Should there be any lingering doubts about the total domination that Europe now has over the global game they have surely been put to flight by the announcement of the short list of candidates for the most prestigious individual awards in men’s soccer in 2014: the Ballon d’Or (best player), and the FIFA World Coach of the Year.
There are 23 players named. All of them play with European clubs. Seventeen are European, five are South American, one is African. I’m counting Diego Costa as European, as does FIFA. If you prefer to identify him as Brazilian, then there are six South Americans, a change that hardly affects matters.
This is how FIFA describes the selection procedure: “the list of candidates has been drawn up by football experts from the FIFA Football Committee and by a group of experts from [the French magazine] France Football.” Which signals that this is primarily a European process.
Well, that’s fine, just as long as the selections are made objectively. But whether that overwhelming European dominance on the list is justified seems to me doubtful (I do, to take but one name, find it curious that Sergio Aguero is not named). I mean justified in soccer terms. That needs saying, for there are other influences at work here that undoubtedly distort the process, as becomes pretty clear with a look at the coaches list.
Ten coaches are named -- seven European, three South American. Alejandro Sabella is the only totally non-European coach, an Argentine coaching the Argentine national team. But there are oddities. Why is Louis van Gaal there? Or is it automatic that you get nominated if you finish in the first three at the world cup? Jose Mourinho had a nothing-year, but his name is there too.
I would have expected to find South American Jose Pekerman named -- he did, for sure, have one of the better, more attractive, teams in Brazil. But he is not named.
I’m surprised to see European Jurgen Klinsmann named -- a coach who produced one of the least attractive World Cup teams, which achieved nothing that the USA hasn’t done before.
And I’m disgusted by the fact that Jorge Luis Pinto is not on the list. It was Pinto who took Costa Rica to the World Cup quarterfinals, where it lost -- in a shootout -- to the Netherlands. That was surely the most remarkable coaching achievement of the tournament -- by far. Klinsmann lamented that the USA had been drawn in a Group of Death (with Germany, Portugal and Ghana), but that group looks like easy going when set alongside the three teams that confronted Costa Rica: England, Uruguay and Italy -- all of them previous World Cup winners. Yet Costa Rica topped the group, with wins over Italy and Uruguay and a tie with England.

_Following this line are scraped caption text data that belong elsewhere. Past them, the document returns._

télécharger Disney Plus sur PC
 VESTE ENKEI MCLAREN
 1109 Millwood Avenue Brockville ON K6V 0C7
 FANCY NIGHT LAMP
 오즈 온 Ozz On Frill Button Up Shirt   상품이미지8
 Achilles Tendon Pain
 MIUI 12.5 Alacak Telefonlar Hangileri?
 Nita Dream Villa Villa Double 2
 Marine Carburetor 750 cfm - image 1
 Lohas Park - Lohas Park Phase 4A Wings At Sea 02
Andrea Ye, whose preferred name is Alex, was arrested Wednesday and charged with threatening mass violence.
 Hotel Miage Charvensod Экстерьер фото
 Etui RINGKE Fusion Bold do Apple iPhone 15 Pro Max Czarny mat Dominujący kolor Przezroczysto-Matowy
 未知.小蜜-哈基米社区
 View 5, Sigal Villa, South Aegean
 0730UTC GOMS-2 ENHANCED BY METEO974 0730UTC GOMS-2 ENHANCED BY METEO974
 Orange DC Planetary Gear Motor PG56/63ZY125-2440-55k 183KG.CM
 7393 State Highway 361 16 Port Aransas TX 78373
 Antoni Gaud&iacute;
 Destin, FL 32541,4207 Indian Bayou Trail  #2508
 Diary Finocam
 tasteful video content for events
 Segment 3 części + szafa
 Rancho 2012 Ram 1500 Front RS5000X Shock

And it did all that by playing skillful, intelligent, stylish soccer. Yet Pinto, having engineered what may well be the most astonishing run by any unfancied team in World Cup history, receives no recognition from the battery of FIFA and France Football experts. This is blatantly scandalous.
How to explain such a crass oversight? We go back to those “other influences” that I already mentioned. In particular, the advent of invasive high-power marketing. An activity that needs a constant supply of stars and personalities. An activity that has carried soccer into the celebrity world. A world that ensures plenty of publicity, some of it accurate.
Simply put, van Gaal, Mourinho and Klinsmann are celebrities, so -- even though their achievements in 2014 were hardly brilliant -- they make the list. But Pinto and tiny Costa Rica ... who the hell are they? (I am told that, during a World Cup telecast, one of the NBC announcers referred to Costa Rica as an island).
Pinto and Costa Rica are assuredly not celebrities, they don’t even register as celebrity material. So they get ignored. Not willfully or maliciously, they just get elbowed aside by their more glamorous rivals.
I need to stress that the celebrities I’m invoking -- van Gaal, Mourinho, Klinsmann -- are to a large extent innocent parties in the marketing game. They have, so to speak, had celebrity thrust upon them. Some -- like Mourinho -- have learned how to play the celebrity game overtly to the hilt. Others, like Klinsmann, prefer to play it cool. However they play the role, they are not to blame for their selection as top-coach candidates.
The blame there lies with these experts who, swayed by the siren call of celebrity, have included unsuitable candidates like Mourinho and Klinsmann on their list, thereby turning what should be a genuine tribute to exceptional coaching into a joke.
Well, that’s not anything new. I’ll confess to an aversion to most of these awards, there are far too many of them and their sheer multiplicity is bound to devalue them. But these two FIFA awards are held to be the ones that matter. They should be uncorrupted by regional bias, uninfluenced by marketing and celebrity concerns.
Which is what makes it so deplorable that this list of candidates includes coaches whose presence can only be explained by their celebrity status. But above all, there is the unforgivable absence of Jorge Luis Pinto. A blot on the reputation of the awards, an insult to the sport of soccer, and an unpleasant personal snub for Pinto.
Gentlemen, experts, what on earth were you thinking?